Draft Your Position Statement
For all practical purposes, it's useful to view a position statement as a "work-in-progress," a statement that evolves or emerges as your research progresses. It's not necessary that you begin with an ironclad position. A vague idea will do.
As you learn more about your selected-or assigned-issue, you may find your stance changing. Keep an open mind in this regard: It will help you clarify and focus your final position on a narrow and arguable point. Following are some useful tips that will help you in the process.
Don't bore yourself. Choose a topic around which there are issues that interest you and don't worry about defining your position. A good topic is one that arouses passion in others as well as yourself. Consult your course notes and make a list of ideas that appear to have the most potential by answering a few simple questions:
- What questions did your instructor ask the class to think about?
- What topics sparked the most spirited class discussion?
- What question created the greatest disagreement; the most heated debate?
- What topics or questions divide the local, national or global community?
Do some broad preliminary research on your selected topic. Ask your instructor, as well as others in your field of study, for information and guidance. To grasp the complexities and nuances of the issues at hand, select a group of books and articles that approach your topic from different angles and study up on them.
Note your reactions and opinions as they occur and develop or mature. In particular, you will want to note when previously held opinions change as a result of knowledge and insight gained from recent readings or discussion. Hone in on those opinions about which your feel the strongest or interest you the most.
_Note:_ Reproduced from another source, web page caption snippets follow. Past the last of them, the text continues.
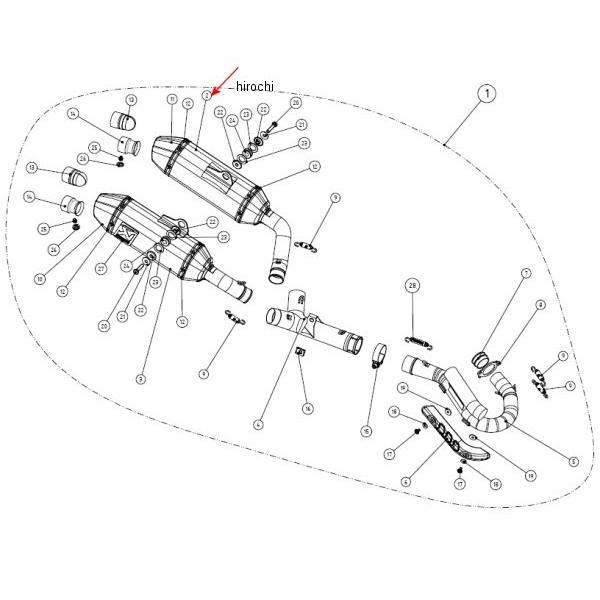 M-Q04506TL AN|rb` AKRAPOVIC yATCT[ Q-TYPE  14Nȍ~ CRF250R JPX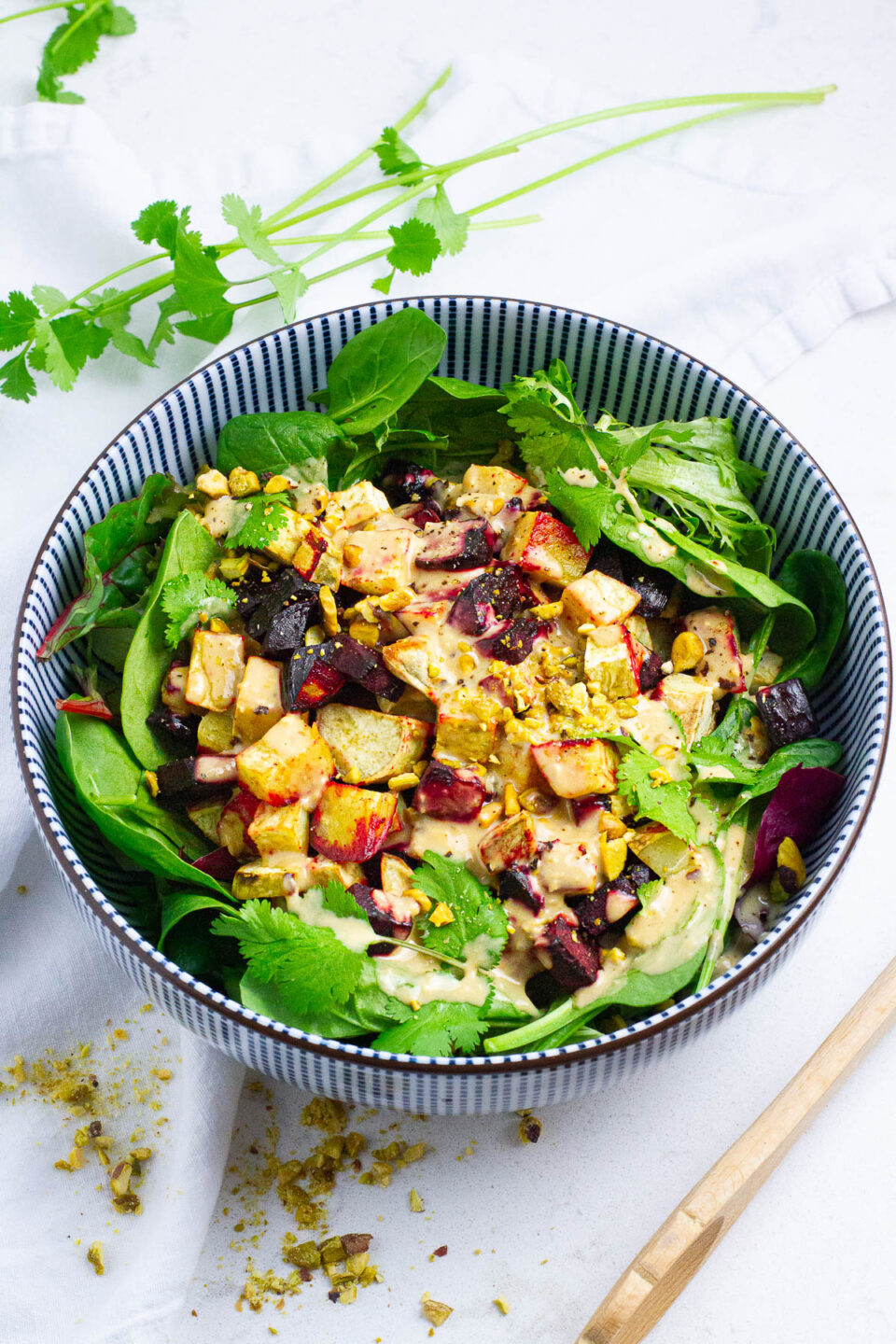 Japanese sweet potato and beetroot salad in a bowl.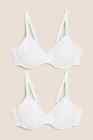 BNWT M&S White 2 Pack Cotton Rich Wired Full Cup Bras 38D 40A 40B     (G827/634)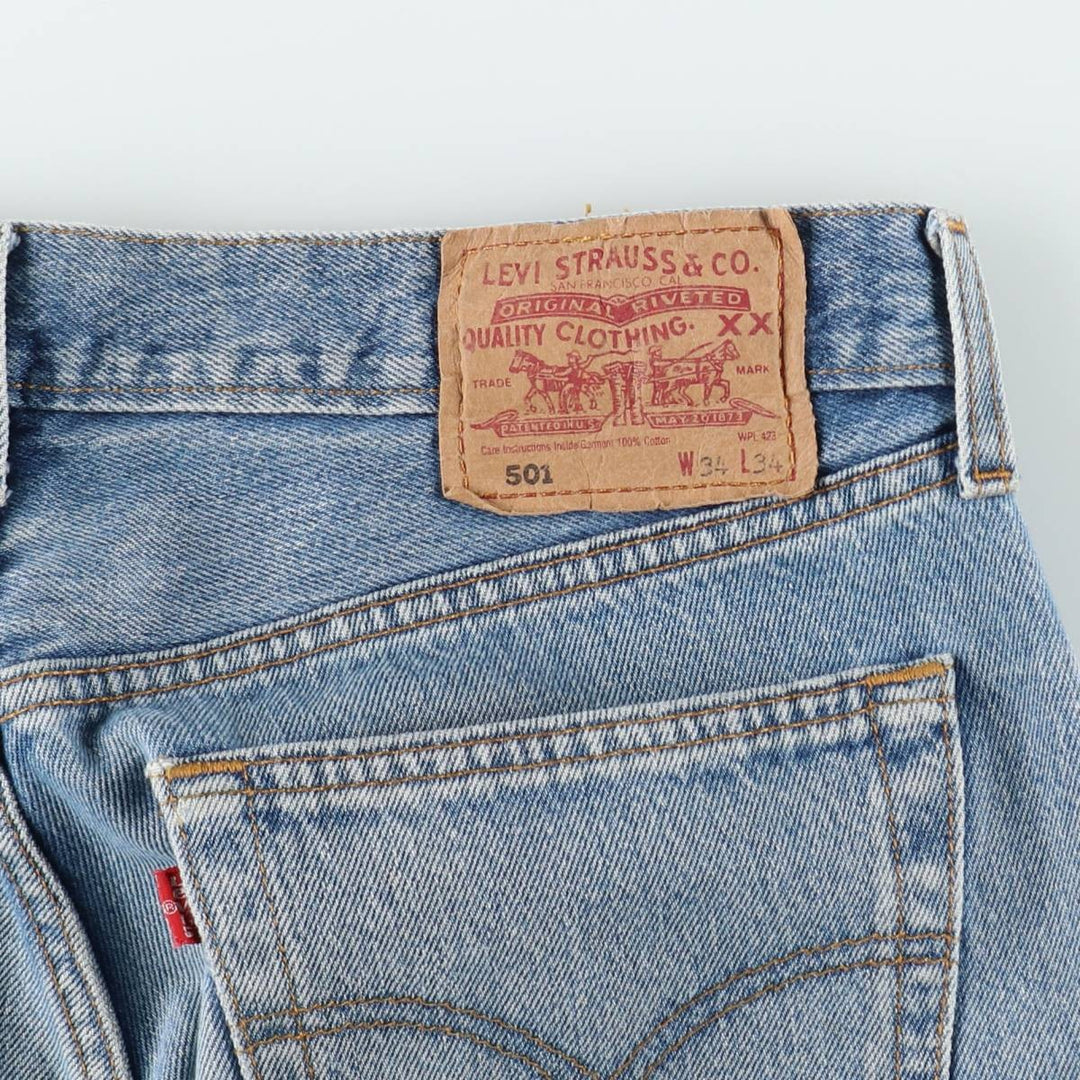 90'S Levi's 501-0114 Euro model straight denim pants made in the UK, men's w33 equivalent, vintage cotton blue type Vintage Second Hand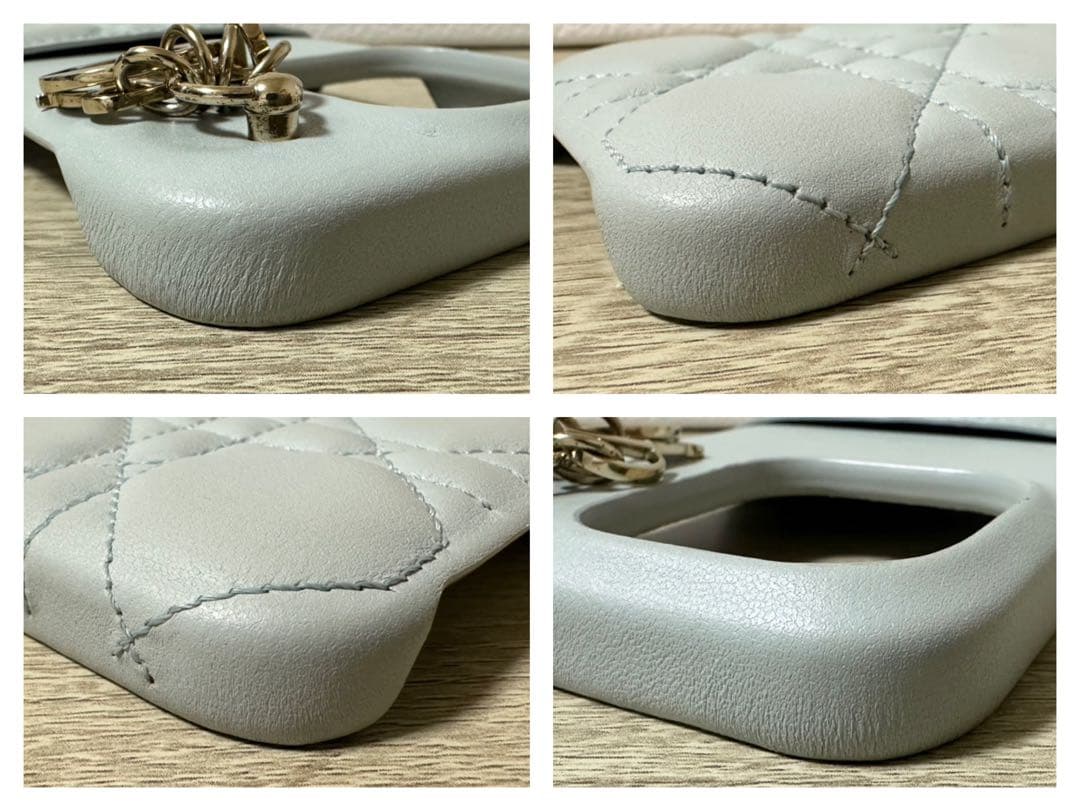 【正規品】Dior 水色　iPhone14pro スマホケース　キルティング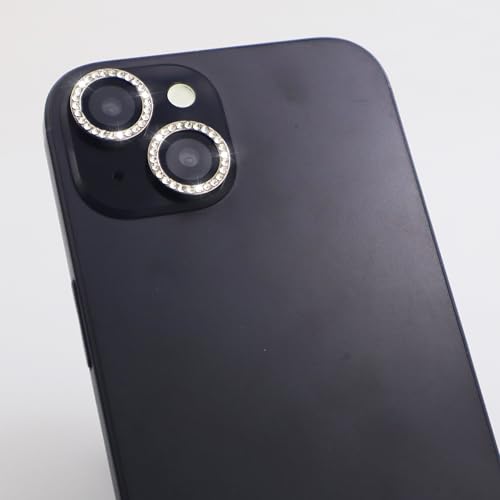 Camera Lens Protector for iPhone 15/15 Plus/14/14 Plus Bling Diamond Metal Ring Rhinestone Tempered Glass Lens Cover Accessories (Black) - color: Black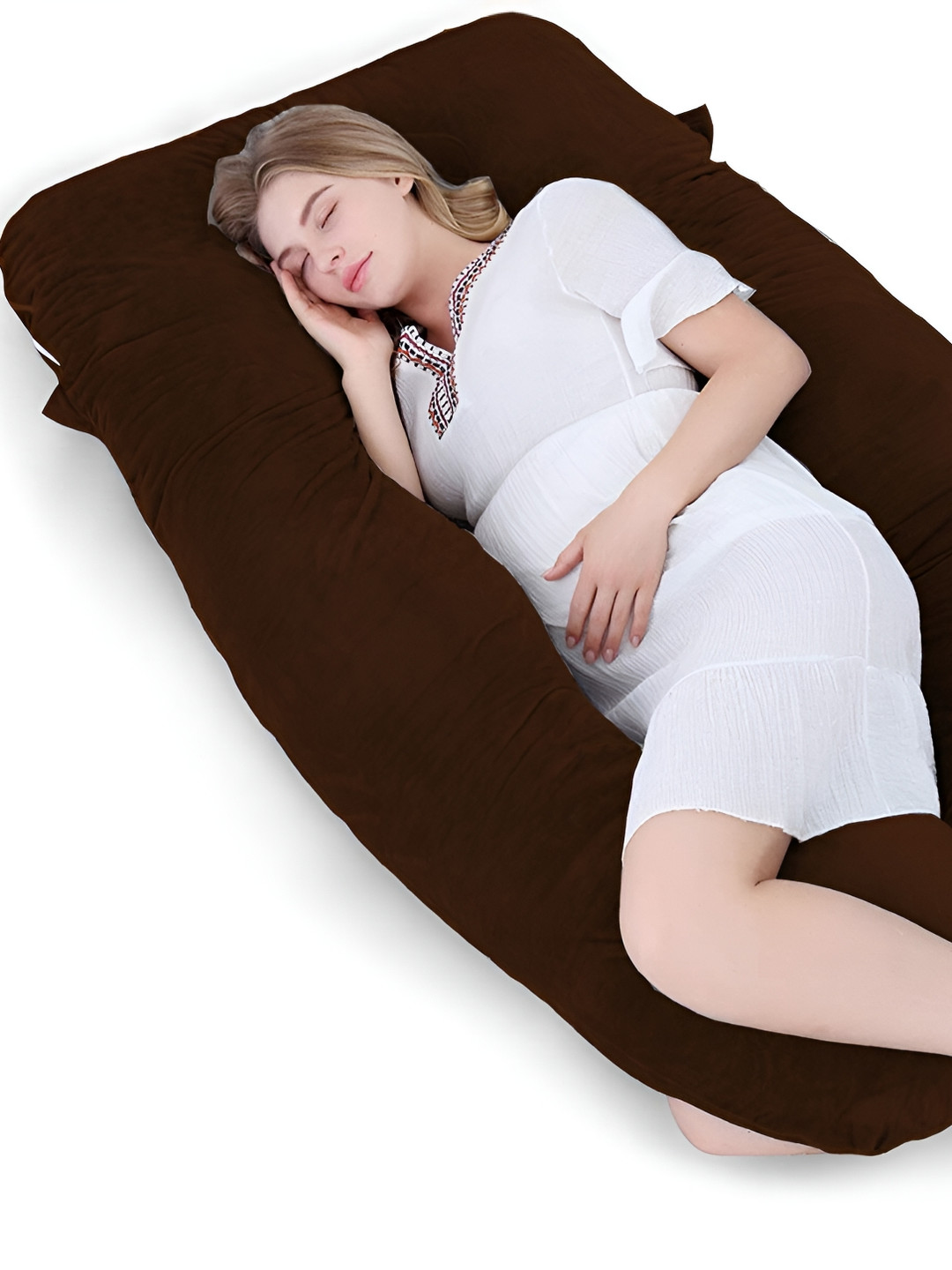 DADDY COOL Brown Solid Faux Velvet Breathable Firm Fibre Maternity Pillow-20.3 x 76.2 x 139.7 cm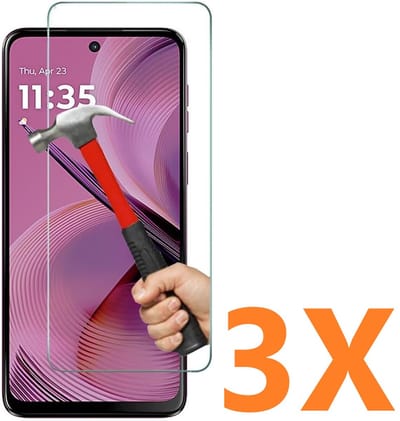 Screenprotector Glas - Tempered Glass Screen Protector Geschikt voor: Motorola Moto G55 5G - 3x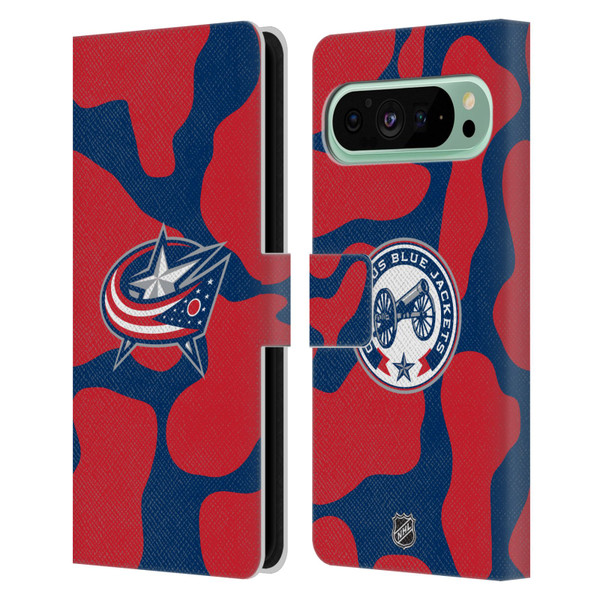 NHL Columbus Blue Jackets Cow Pattern Leather Book Wallet Case Cover For Google Pixel 9 Pro XL
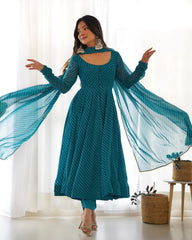 Graceful Georgette Leheriya Print Anarkali Sky Blue Color Gown With Dupatta Graceful Georgette Leheriya Print Anarkali Sky Blue Color Gown With Dupatta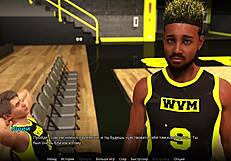 Blonde and ebony characters in pretty mother-in-law scenario with slaps in gameplay part 44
Begin drafting a preliminary statement. Keep in mind that your position must be arguable. When shaping it consider the following questions:
- Is there an ongoing debate regarding the issue? If not, it may be that a consensus of opinion has already been reached. The absence of debate indicates that either 1) there is nothing about which to argue, or 2) the issue is brand new and ripe for argument.
- Has the issue been exhaustively debated? If so, the sides may be so polarized that further argument is pointless. The absence of a consensus of opinion indicates that all positions, both for and against, have been thoroughly argued and there remains nothing substantially new to add.
- Is there something new to add to the debate? If so, for whom; for what audience? Often, a new take on an old issue, arrived at by focusing tightly on one aspect, will rekindle interest in the debate and advance your position.
- Is there a brand new issue ripe for argument? Be on the lookout. New stuff happens all the time. Like ships at sea, new issues pop over the horizon every day. First a grey smudge in the academic fog, and then, one day, a sharp outline closing in on the harbor. The first spyglass to pick the smudge out of the fog gets the gold-first pick among the arguable positions.
Finally, the best advice is to be constantly aware of the arguments you wish not to address and continually refine your preliminary statement so as to exclude having to argue them. In other words, as you move toward completing your research, close and bolt all the doors you don't want the opposition stumbling through.